La conversación se me iba y venía entre platos de comida y la sonrisa de Sergio. La siguiente vez que escuché la chica le contaba a su acompañante cómo Lima se había transformado en los últimos años en un centro multicultural, gracias a la inmigración norteamericana, canadiense y alemana. Aseguraba que era una ciudad totalmente cosmopolita.
La pareja gay pidió la cuenta y se fueron rápidamente de allí, imagino que a un hotel. La chica peruana seguía debatiendo sobre si le gustaba más la forma de vida limeña o sobre si en Madrid se sentía sola porque no conocía a mucha gente. El chico intentaba consolarla, supongo que con expectativas de postre (y no precisamente un eish saraya, sino otro mucho más preciado y que no venía en la carta del menú). Pidieron la cuenta y al poco se marcharon.
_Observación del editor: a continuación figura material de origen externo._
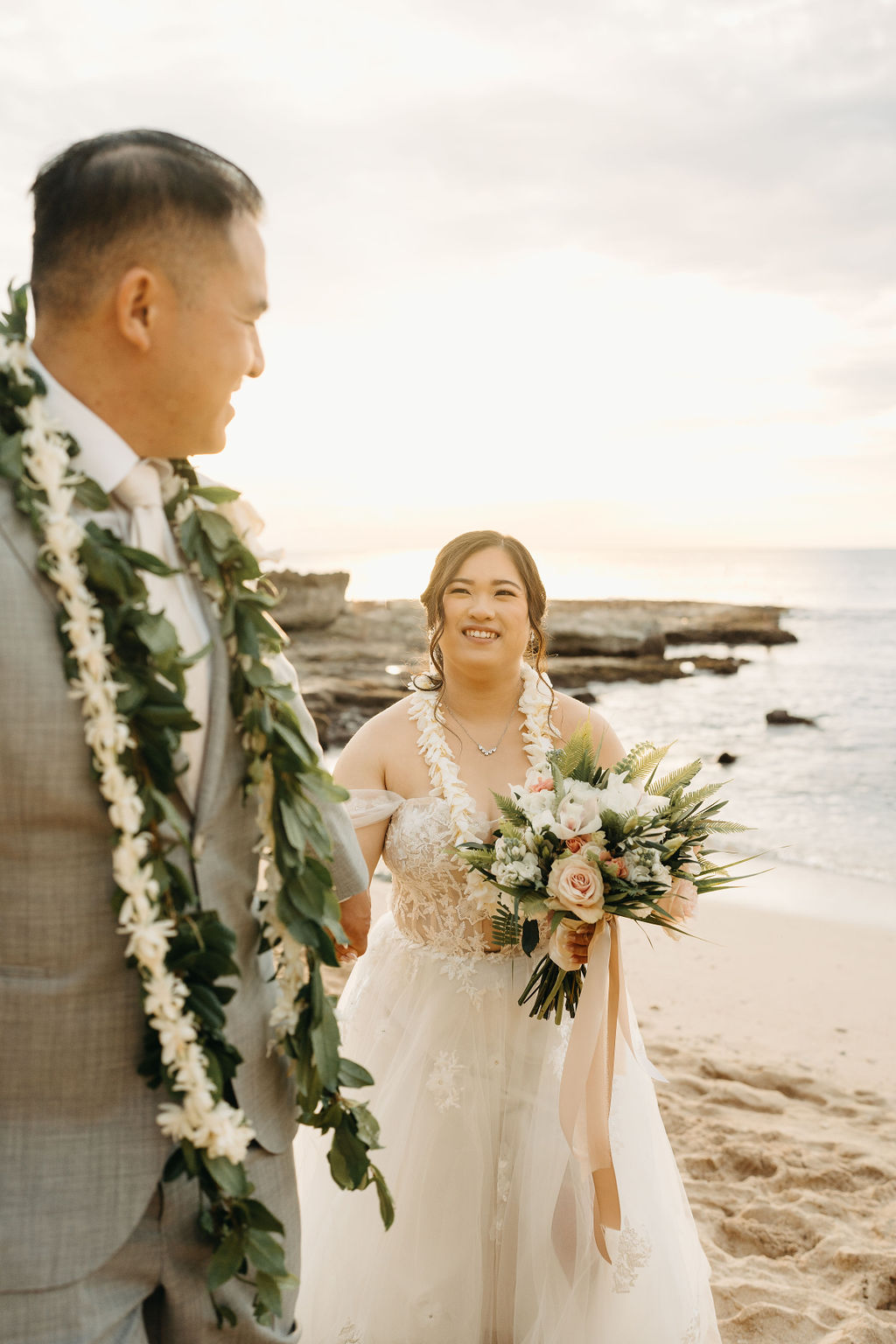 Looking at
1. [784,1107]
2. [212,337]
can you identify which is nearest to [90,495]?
[212,337]

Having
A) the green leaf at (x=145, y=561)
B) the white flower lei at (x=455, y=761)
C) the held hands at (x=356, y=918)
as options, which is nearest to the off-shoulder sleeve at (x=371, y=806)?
the white flower lei at (x=455, y=761)

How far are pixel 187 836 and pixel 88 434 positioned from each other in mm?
638

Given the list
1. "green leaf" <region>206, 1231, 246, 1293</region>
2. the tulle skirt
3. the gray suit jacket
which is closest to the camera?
the gray suit jacket

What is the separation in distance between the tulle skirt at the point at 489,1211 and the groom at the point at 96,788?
5.33ft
Cuando ya se hubieron ido, mientras esperábamos nosotros para pagar, le conté a Sergio todo lo que había escuchado. Estuvimos especulando sobre ellos, y después, como estábamos llenos, y como también solemos hacer cuando vamos a cenar fuera, nos fuímos paseando hacia su casa, bajando por la carrera de San Jerónimo hasta el paseo del Prado, y desde allí hasta su piso chocando los hombros.